10 Best Financial Stocks To Buy According to Hedge Funds

03. Citigroup Inc. (NYSE:C)

Number of Hedge Fund Holders: 94

Citigroup Inc. (NYSE:C) CEO Jane Fraser stated on June 18 that the bank has moved away from its expansive model of the 1990s. “We are no longer the financial supermarket of the past,” Fraser said at an event in New York City. “Instead, our vision is sharply focused”. Citigroup Inc. (NYSE:C) is scaling back operations, divesting businesses, and reducing the workforce to boost stock performance and streamline operations. CFO Mark Mason labeled 2024 as an “inflection year,” aiming to increase full-year revenue by at least $6 billion by 2026 while cutting expenses by at least $500 million.

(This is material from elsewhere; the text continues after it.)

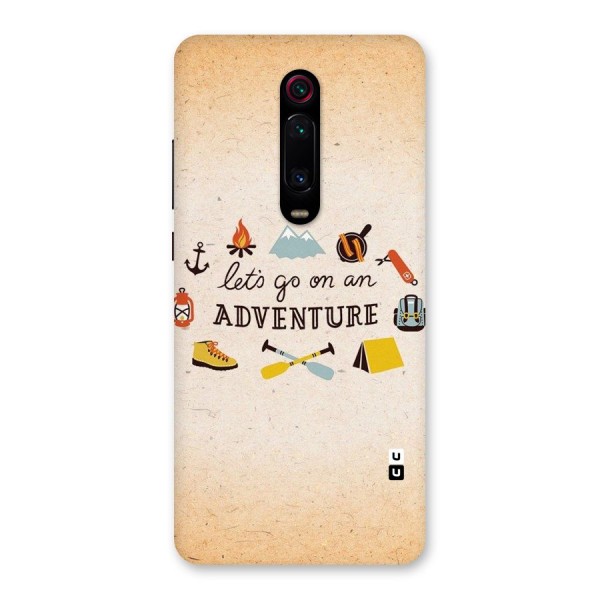 Lets Adventure Life Back Case for Redmi K20 Pro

On June 20, Keefe, Bruyette & Woods analyst David Konrad reiterated a “Market Perform” rating for Citigroup Inc. (NYSE:C) and increased the price target from $66 to $69.

In the first quarter of 2024, the number of hedge funds with stakes in Citigroup Inc. (NYSE:C) increased to 94 from 87 in the previous quarter, according to Insider Monkey’s database. The combined value of these stakes is approximately $10.64 billion. Warren Buffett’s Berkshire Hathaway emerged as the largest stakeholder among these hedge funds during this period.

Silver Beech Capital stated the following regarding Citigroup Inc. (NYSE:C) in its first quarter 2024 investor letter:

“Since the beginning of 2023, Citigroup Inc. (NYSE:C) has been one of the Fund’s largest holdings. In our Q3 2023 investor letter, we laid out our core investment thesis for Citi: although the bank was an underperformer (weak returns on equity), Citi was (1) less risky than it had ever been and (2) cheaper than it had ever been. The Fund’s investment thesis for Citi featured in a November 2023 Euromoney article Citi 2.0: If she builds it, will they come?

The market narrative has started to converge on our investment thesis. During the first quarter, Citi was the best-performing bank stock in the S&P 500 index. However, improvements in Citi’s operating performance have come more slowly than its share price gains. Due to this converging market perception with our own thesis, the Fund exited its position in Citi. The Fund’s stake in Citi generated a 34% gross IRR over our 14-month investment period.”